Enam Industri Sudah Berhasil Menghemat

KOMPAS, Selasa, 8 Februari 2006, Hal.12
Clipping from JBPTPPOLBAN / 2013-12-16 14:03:02
Oleh : (YUN), POLBAN
Dibuat : 2006-02-09, dengan 0 file

Keyword : Efisiensi energi

JAKARTA, KOMPAS - Program Produksi Bersih dan Efisiensi Energi yang telah dirintis sejak 2003 di enam industri di Indonesia telah menghasilkan penghematan energi signifikan hingga Rp 14 miliar per tahun.



Penurunan konsumsi energi terutama energi fosil akan menekan pula pencemaran gas rumah kaca. Karena itu program ini hendaknya dapat direplikasi pada industri lainnya, dan menjadi kriteria dalam memperoleh Proper Kategori Hijau.



Hal ini disampaikan Deputi Bidang Peningkatan Konservasi Sumber Daya Alam dan Pengendalian Kerusakan Lingkungan Kementerian Lingkungan Hidup, Masneliyarti Hilman, dalam sambutannya pada Peluncuran dan Pelatihan "Pedoman Efisiensi Energi untuk Industri di Asia", di Jakarta, Selasa (7/2).



Pedoman Efisiensi Energi ini juga diharapkan Sekretaris Menristek, Hudi Hastowo, tidak hanya meningkatkan efisiensi penggunaan energi tapi harus pula mendorong penerapan prinsip pembangunan berkelanjutan terutama penurunan emisi gas C02 yang berdampak buruk bagi lingkungan global.



Empat sektor industri Dikemukakan, Direktur Pusat Penelitian dan Pengembangan Teknologi Lingkungan Dr. Kardono, jika program ini diterapkan untuk empat sektor industri yang menyerap banyak energi seperti semen, pupuk, baja, pulp, dan kertas di Indonesia, maka diperkirakan penghematan bisa mencapai Rp 300 miliar per tahun.



Reduksi ini dicapai melalui pengiritan konsumsi batu bara, solar, dan gas alam sebagai bahan baku industri serta penggunaan listrik untuk proses produksi. Dan, bila semua industri di Indonesia dapat menempuh hal yang sama maka penghematan akan mencapai triliunan rupiah.



United Nations Environment Programme (UNEP) bekerja sama dengan SIDA (Swedish International Development Agency) melalui proyek "Reduksi emisi gas rumah kaca dari industri di Asia Pasifik" (Geriap) telah mengembangkan metode produksi bersih dan efisiensi energi.

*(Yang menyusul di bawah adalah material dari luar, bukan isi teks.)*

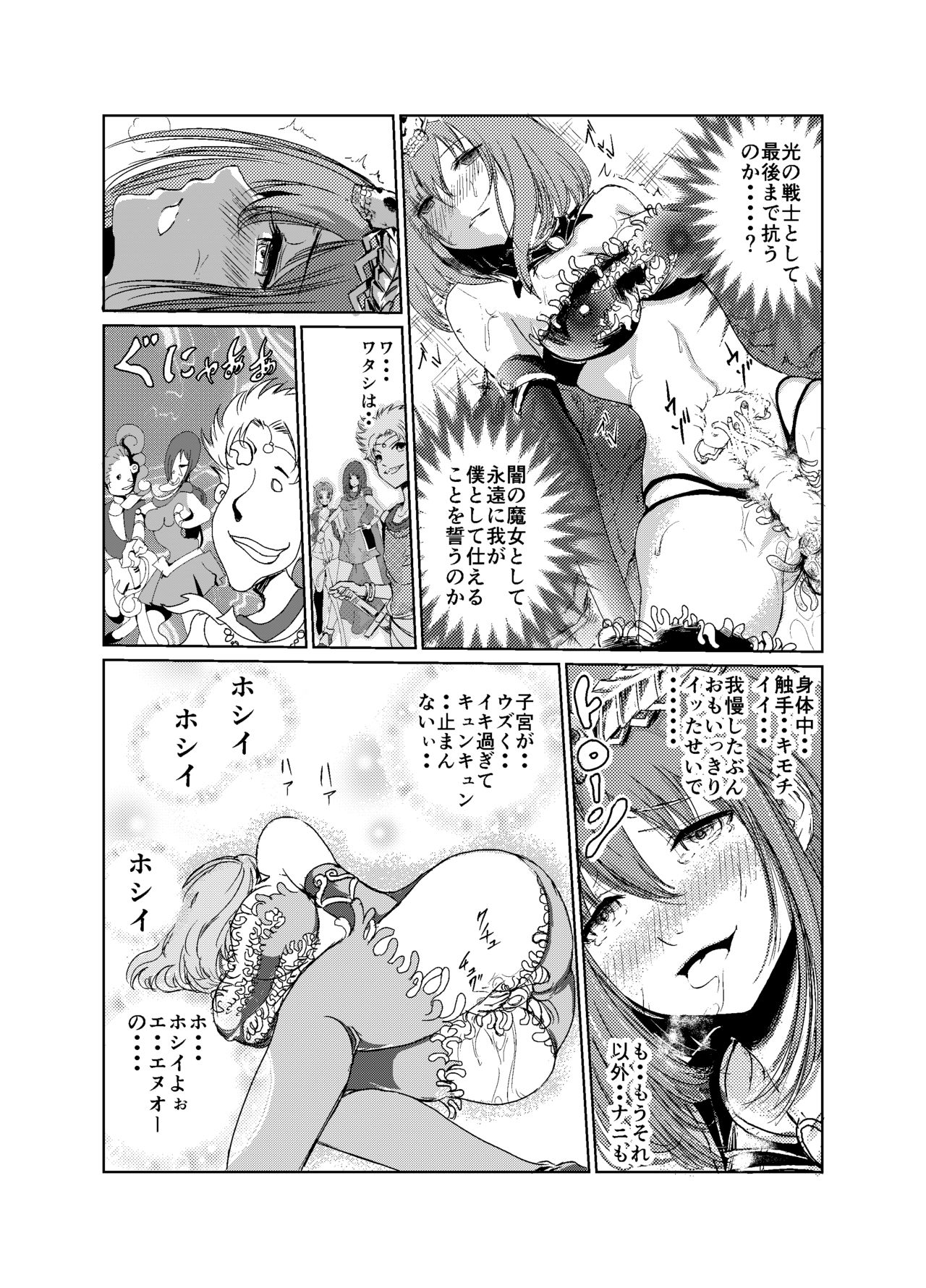 [トリッキー] 闇の誘惑 -禁断のジョブチェンジ- (Final Fantasy V) page 30 full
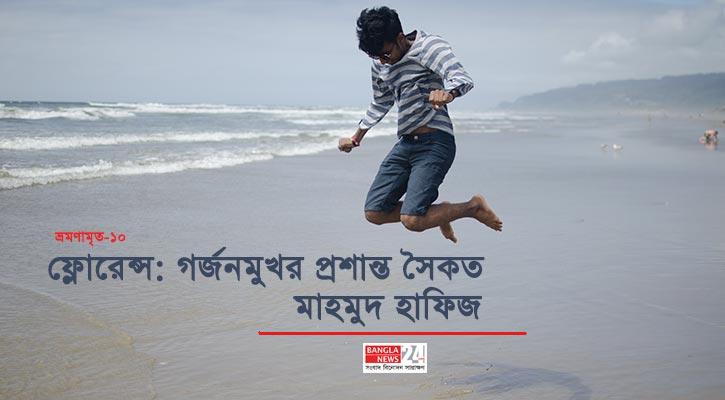 ফ্লোরেন্স: গর্জনমুখর প্রশান্ত সৈকত | মাহমুদ হাফিজ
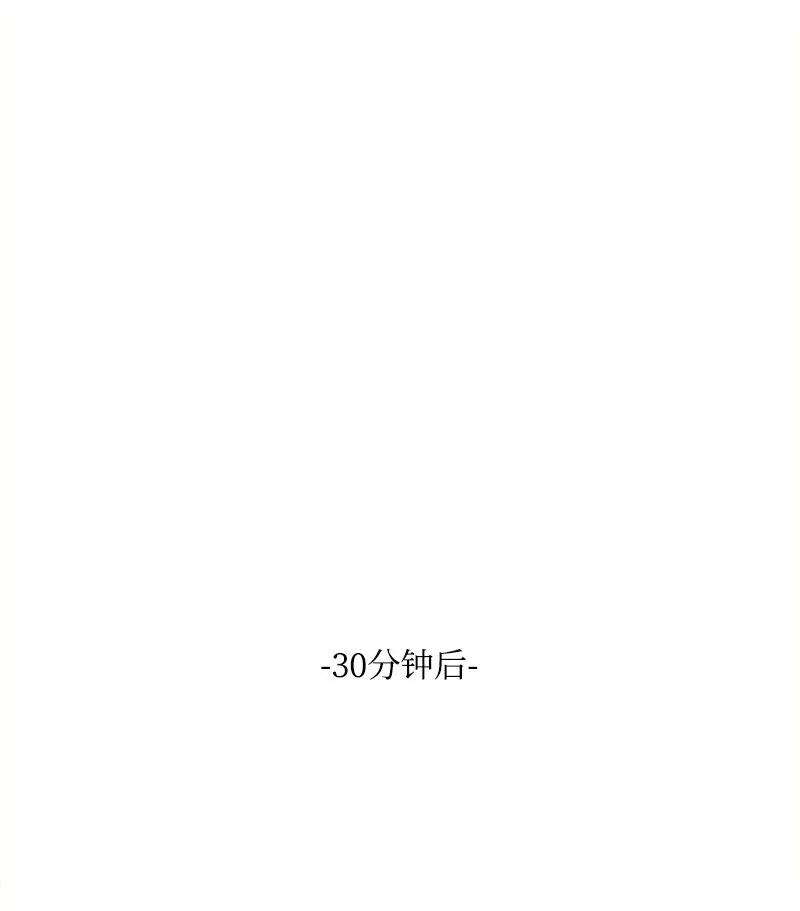 宅女翻身記 - 12 作業(2/2) - 3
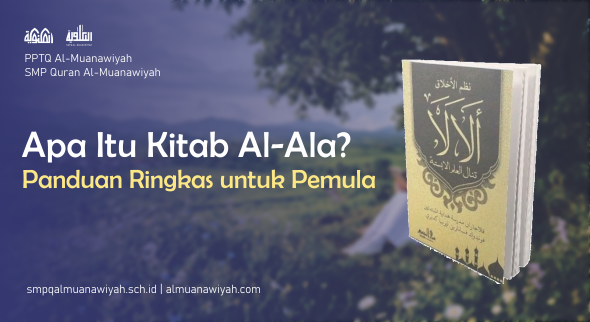 Apa Itu Kitab Al-Ala? Panduan Ringkas untuk Pemula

Metode itu bertujuan peningkatan efisiensi energi perusahaan sehingga dapat menurunkan penggunaan energi dan biaya produksi, meningkatkan kualitas lingkungan dan menurunkan emisi gas rumah kaca, serta menurunkan risiko kenaikan harga kelangkaan energi.



Metode ini terfokus pada industri yang menggunakan bahan bakar secara intensif di negara berkembang di Asia. Dari 9 negara Asia dipilih lebih dari 40 perusahaan dari industri semen, kimia, keramik, besi, baja, pupuk, pulp, dan kertas untuk mengikuti program ini. Negara itu adalah Banglades, China, India, Indonesia, Mongolia, Filipina, Sri Lanka, Thailand, dan Vietnam.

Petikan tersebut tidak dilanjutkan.